# Josh Howard



## INTELLECT (Nov 22, 2002)

is it just me or does this cat remind you alot of michael finley? athletic college player that was underrated and taken late in the draft who feels he has something to prove. His defense is better than finley's though. But howard put up 20 points and 8 boards as an SG. he's 6 6 with a 7 2 wingspan.


----------



## mavsman (Jun 11, 2003)

> Originally posted by <b>INTELLECT</b>!
> is it just me or does this cat remind you alot of michael finley? athletic college player that was underrated and taken late in the draft who feels he has something to prove. His defense is better than finley's though. But howard put up 20 points and 8 boards as an SG. he's 6 6 with a 7 2 wingspan.


You know when I first heard our pick I was not happy at all. But as I had more time to think about it I believe it was not such a bad pick. Josh Howard is a good basketball player who probably should have been drafted higher than 29.

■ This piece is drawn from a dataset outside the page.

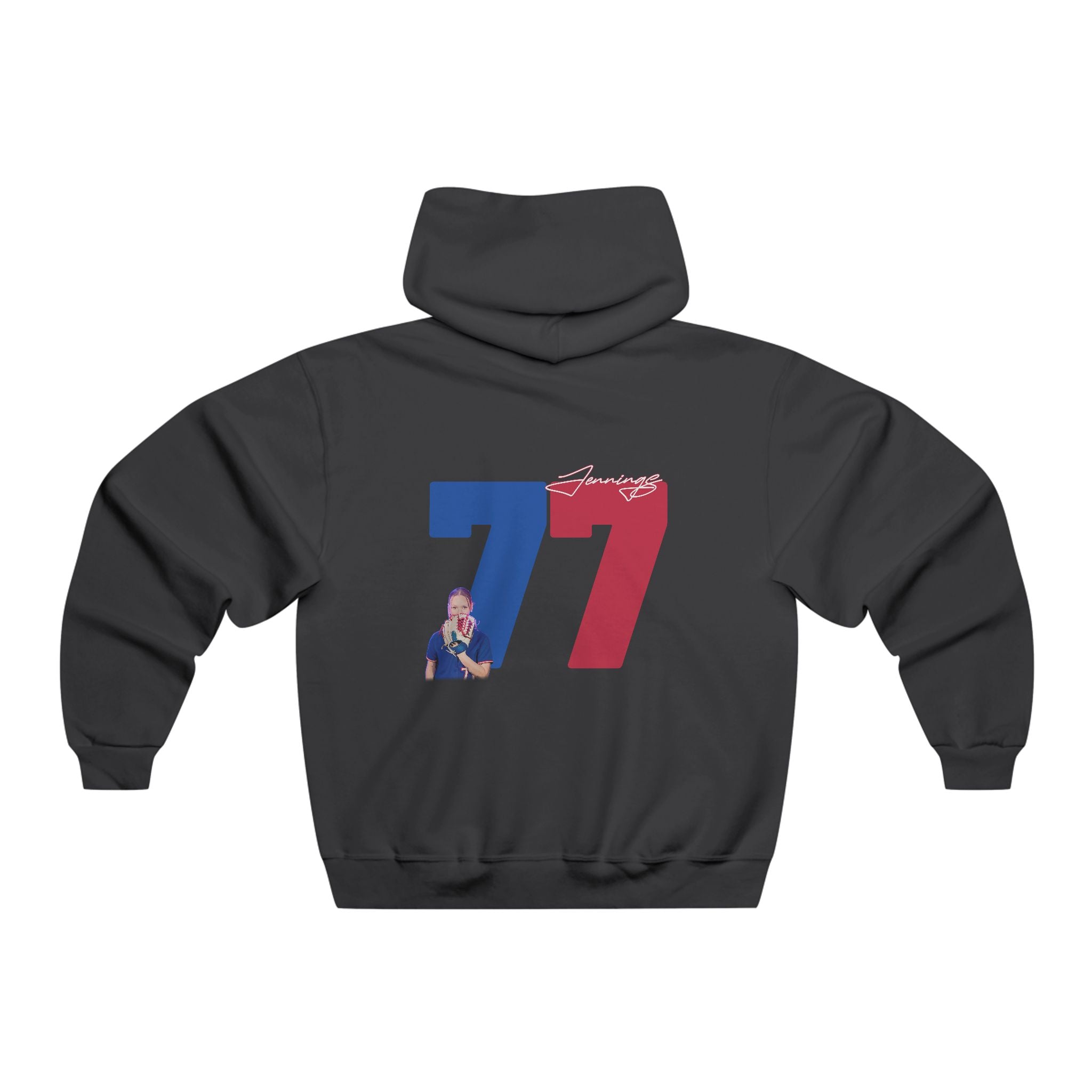 Jessika Jennings Vintage Hoodie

The kid is solid in every phase of the game and unlike anyone else available at 29 he will actually be able to contribute to this team next year. Is he the replacement for Adrian Griffin? He reminds me more of a Griffin type player than a Finley type guy. I am dying to see some more film of this guy though. If he can play the 2/3 and can defend and rebound some from that position than I think he can help us. I don't think he will hurt you on the offensive end as I believe he can hit the midrange jumper and will be a good finisher. Can anyone believe that a first team All-American, unanimous ACC player of the year, defensive player of the year in the ACC was a question mark for being drafted in the first round. 10 years ago he would have been a top 10 selection.

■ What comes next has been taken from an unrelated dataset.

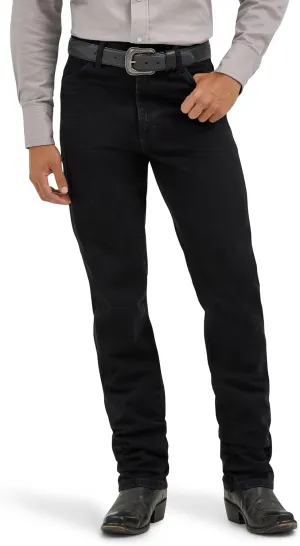 Wrangler Men's Cowboy Cut Slim Fit Jeans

Was anyone else thinking about drafting Baby Shaq "Sofo" when our pick came up? I didn't care that Lampe slipped. I did not want him, I think he will be another soft stiff. But I think I was hoping to "Sofos" name come up when Stern came to the podium. That is why I was not happy at first. But Sofo will take two years to be a solid contributor and I guess we decided to worry about today.

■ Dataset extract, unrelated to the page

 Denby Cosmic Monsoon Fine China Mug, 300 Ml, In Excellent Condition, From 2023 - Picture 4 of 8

Anyway Howard is a player and I am happy to have him.


----------



## Tristan (Jan 13, 2003)

i havent really seen this guy play, is he a perfect player for a run and gun team? And if Dallas trades finley, will this guy start?


----------



## BEEZ (Jun 12, 2002)

> Originally posted by <b>INTELLECT</b>!
> is it just me or does this cat remind you alot of michael finley? athletic college player that was underrated and taken late in the draft who feels he has something to prove. His defense is better than finley's though. But howard put up 20 points and 8 boards as an SG. he's 6 6 with a 7 2 wingspan.


He hasnt played a lick of D in this league yet. Finley has been hurt the past few seasons but Howard's defesne is not where Finley's was or even still is. I like him alot though and I see him as Finley's replacement in a couple of years


----------



## INTELLECT (Nov 22, 2002)

howard is NOT LIKE GRIFFIN he's athletic and LONG. griffin is strong and stocky. he put up 8 boards a game as an SG. that's insane. He did it for HIS ENTIRE CAREER. lol


----------



## INTELLECT (Nov 22, 2002)

*Re: Re: Josh Howard*



> Originally posted by <b>BEEZ</b>!
> 
> 
> He hasnt played a lick of D in this league yet. Finley has been hurt the past few seasons but Howard's defesne is not where Finley's was or even still is. I like him alot though and I see him as Finley's replacement in a couple of years


when finley was drafted his game was just like howards. questionable range. long and quick and athletic


----------



## Tristan (Jan 13, 2003)

so when howard matures as an nba player, will he be any better than fin? i havent really seen this guy play.


----------



## mavsman (Jun 11, 2003)

> Originally posted by <b>INTELLECT</b>!
> howard is NOT LIKE GRIFFIN he's athletic and LONG. griffin is strong and stocky. he put up 8 boards a game as an SG. that's insane. He did it for HIS ENTIRE CAREER. lol


I did not say he looks like or is built like Adrian Griffin. What I said is that I see him taking the role of Adrian Griffin only doing it better. If anybody thinks that Howard is going to take over for Finley they are wrong. Finley plays more minutes than just about anyone in the league. Unless they trade Finley and I doubt that will happen than Howard will have to fill some other role. They are not all of sudden going to play Fin 25 minutes a game so that Howard can play more.

Howard is not going to come onto this team and start jacking up 3's. He is going to play the same role as a Griffin does. Come in play some tough defense, crash the boards and will be expected to hit the midrange jumper when the defense is flying out at our other great shooters.

Its kind of ironic that your name is Intellect isn't it?


----------



## The_Franchise (Mar 30, 2003)

Dallas was not in need of a swingman, they needed a banger like Mario Austin or Jerome Beasley to complement Najera, or atleast incase he isn't resigned. But it won't be too bad of an idea to play Howard at SF


----------



## Andy (Jun 13, 2003)

Dallas needed a defensive-minded swingman badly, because they had to add some perimeter defense. With his wingspan Howard has the tools to be a good defender and he can contribute immediately. Plus there are enough big men available in this years free agency.


----------



## Chris Bosh #4 (Feb 18, 2005)

I bet you people aren't complaining about this pick right now are you?


----------



## mff4l (Dec 31, 2004)

lol!! that was me who made this thread too


----------